Over the next few weeks, I will be writing on topics related to my latest book, Data Simplification: Taming Information With Open Source Tools (release date March 17, 2016). I hope I can convince you that this is a book worth reading. Blog readers can use the discount code: COMP315 for a 30% discount, at checkout.If you are among the many students and professionals who are intimidated by statistics, then fear no more! With a little imagination, random number generators (to be accurate, pseudorandom number generators) can substitute for a wide range of statistical methods. As it happens, modern computers can perform two simple processes, easily and very quickly. These two processes are: 1) generating random numbers, and 2) repeating sets of instructions thousands or millions of times. Using these two computational steps, we can accurately predict outcomes that would be intractable to any direct mathematical analysis.
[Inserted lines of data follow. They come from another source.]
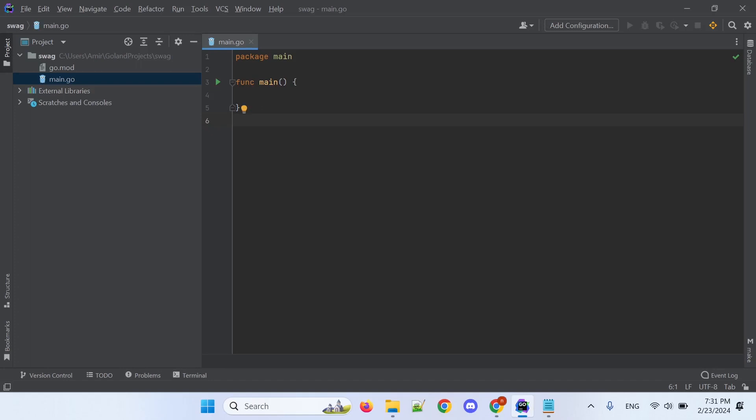Hello everyone. I want to show you how to use Swagger with the Gin framework in Golang.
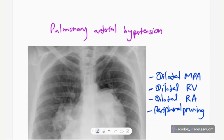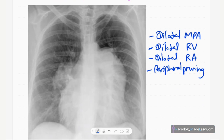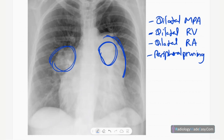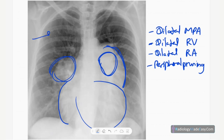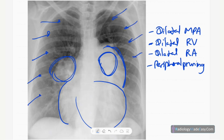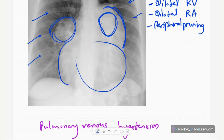Next is pulmonary arterial hypertension. The main pulmonary artery is dilated, as are the right and left pulmonary arteries. There may be a dilated right atrium with a prominent right atrial border, and sometimes right ventricular enlargement. In severe pulmonary arterial hypertension, peripheral pruning occurs — the peripheral vessels are not visible.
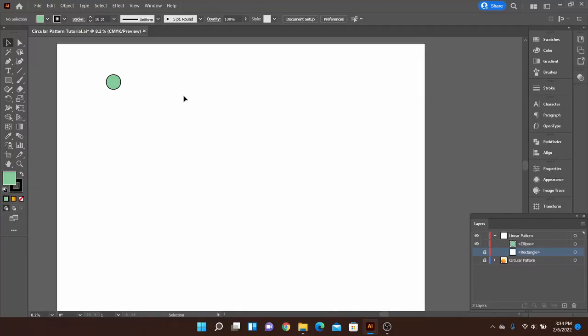Hello and welcome. Today I want to share with you how you can easily make linear patterns within Adobe Illustrator. Also be sure to check out my circular pattern tutorial if you're interested in that. I'll go ahead and link it up above. But otherwise let's go ahead and dive into our linear patterns here.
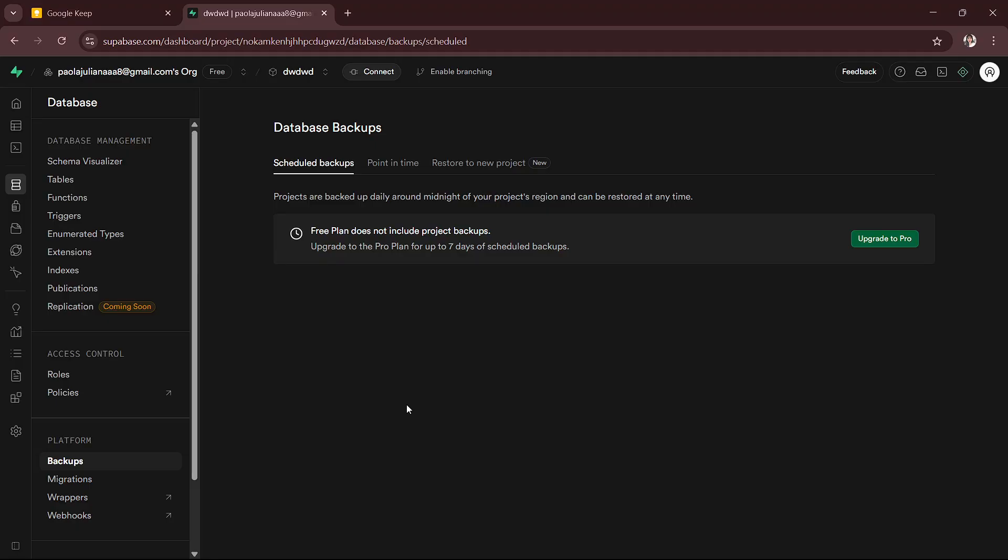If you want a more custom export, like only certain tables, you can connect to your Supabase project using a database tool like PGAdmin or dBeaver. Those apps let you export exactly what you need.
You are about to be rewarded with simple methods whereby every statistical test can be replicated and every probabilistic dilemma can be resolved; usually with a few lines of code (1-5). To begin, let's perform a few very simple simulations that confirm what we already know, intuitively. Imagine that you have a pair of dice, and you would like to know how often you might expect each of the numbers (from one to six) to appear after you've thrown one die (5). Let's simulate 600,000 throws of a die, using the Perl script, randtest.pl: #!/usr/bin/perl ...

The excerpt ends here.